Data set class

The DataSet class contains all the information to build our model. Every column represents a particular variable, and each row corresponds to one sample.

Throughout this tutorial, we will use the Iris data set to give a notion of how to use the most important methods of the DataSet class.

Sepal length Sepal width Petal length Petal width Iris flower
5.1 3.5 1.4 0.2 Setosa
4.9 3.0 1.4 0.2 Setosa
4.7 3.2 1.3 0.2 Setosa
4.6 3.1 1.5 0.2 Setosa
5.0 3.6 1.4 0.2 Setosa
5.4 3.9 1.7 0.4 Setosa

Iris data set

You can download the iris data set here.

The DataSet class offers a wide variety of constructors. The easiest and the most common way to create a dataset object is employing the default constructor, which creates an empty data set.

DataSet data_set;

Once we have created the dataset object, the next step is to fill it with data:

data_set.set_data_file_name("../data/iris_plant.csv");
data_set.set_separator("Space");
data_set.read_csv();

By default, the last column is set as a target and the remainder as inputs. Note that, in this case, the last column contains three different categories. It is possible to set the name of each column by means of the DataSet class member called columns as follows

data_set.set_column_name(0, "sepal_length");
data_set.set_column_name(1, "sepal_width");
data_set.set_column_name(2, "petal_length");
data_set.set_column_name(3, "petal_width");
data_set.set_column_name(4, "iris_type");

The name of the categories of the last column is set automatically during the loading process.

It is also possible to set the use of each of the instances of the data set.
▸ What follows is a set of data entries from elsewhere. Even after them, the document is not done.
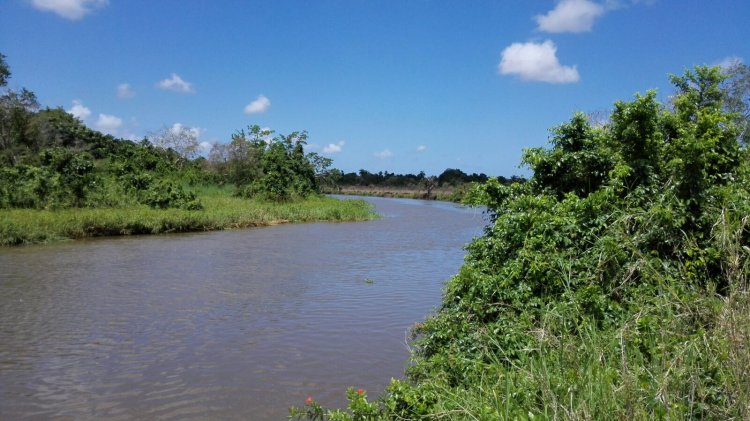 Wananchi Waonywa Kuhatarisha Usalama wa Maji Bonde la Pangani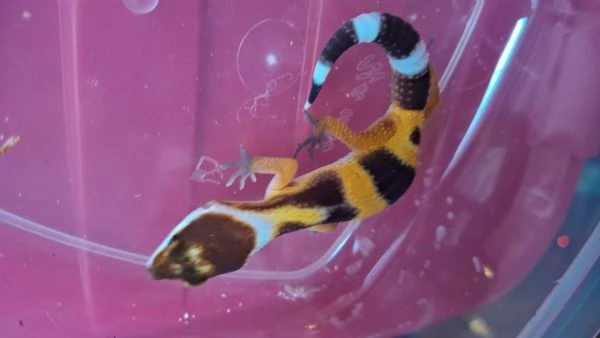Baby geco leopardino  | Foto 0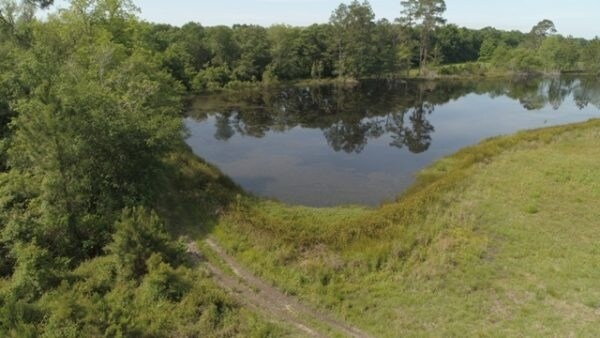 Hwy 280 W, Hagan, GA à vendre - Photo de l’immeuble – Image 3 sur 4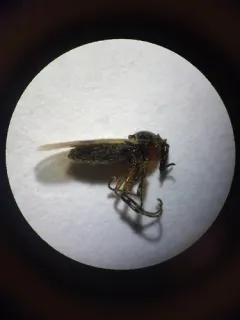 Dilophus stigmaterus thumbnail 2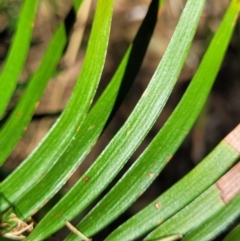 Macrozamia communis at Narrawallee, NSW - suppressed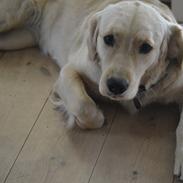 Golden retriever *LIVA*
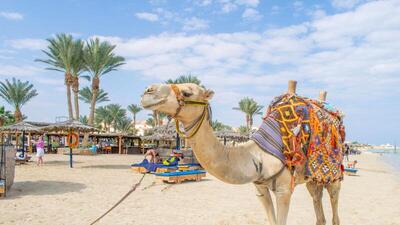 Protels Crystal Beach Resort, , Египет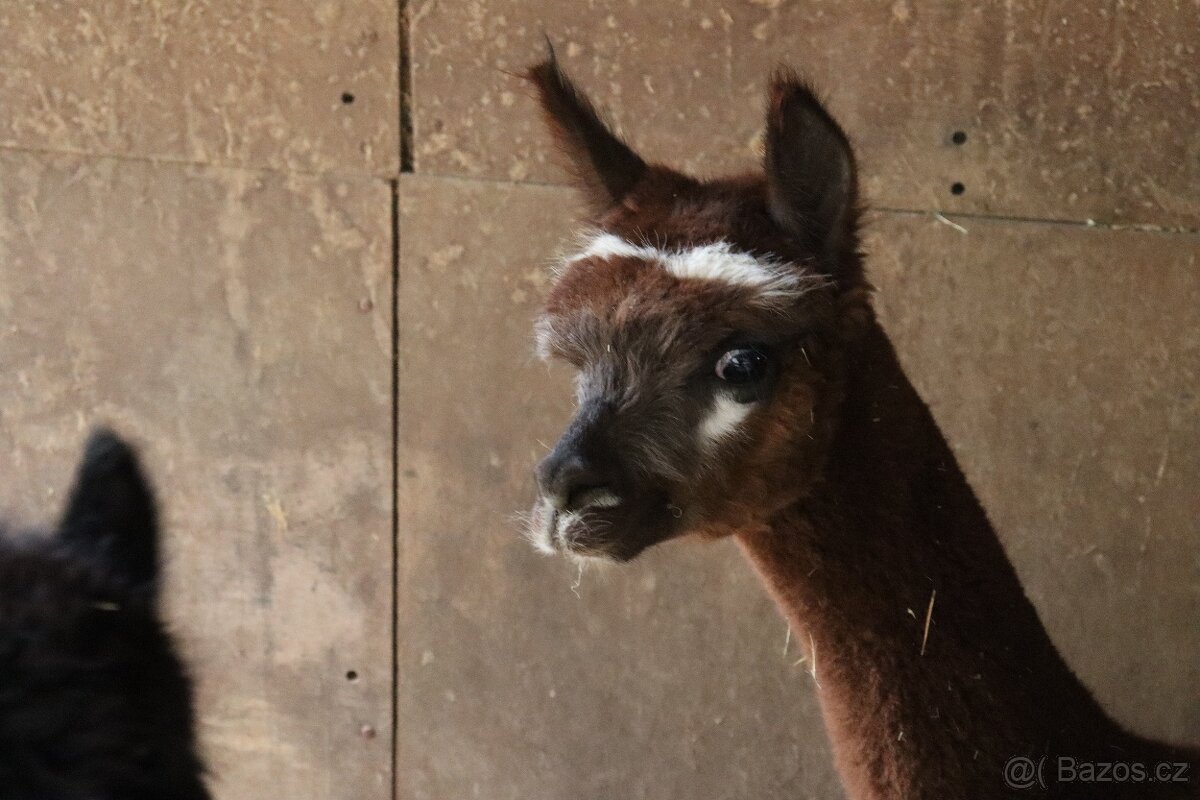 LAMA ALPAKA PRODEJ - 2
For example, they can be split randomly or sequentially as follows

data_set.split_samples_random(type(0.7), type(0.1), type(0.2));
data_set.split_samples_sequential(type(0.7), type(0.1), type(0.2));

The first number corresponds to the ratio of training instances, the second number represents the ratio of selection, and the last one corresponds to the ratio of testing instances. By default, these values are set to 0.6, 0.2 and 0.2.

Finally, the DataSet class implements some useful preprocessing methods. Below we present some of them:

  • Scaling methods:

Scaling data lets the neural network work in better conditions. The following method scales the input data between a minimum and maximum value and simultaneously returns a structure that shows the inputs’ information. This information corresponds to the maximum value, the minimum value, the mean and the standard deviation for each variable.

const Tensor<Descriptives, 1> inputs_descriptives = data_set.scale_input_variables();
cout << inputs_descriptives << endl;

These scaled data are introduced into the neural network in the training phase.

  • Correlation methods:

Correlation provides better knowledge about which variables have more relation with the targets. This method calculates the correlations between all targets and all inputs.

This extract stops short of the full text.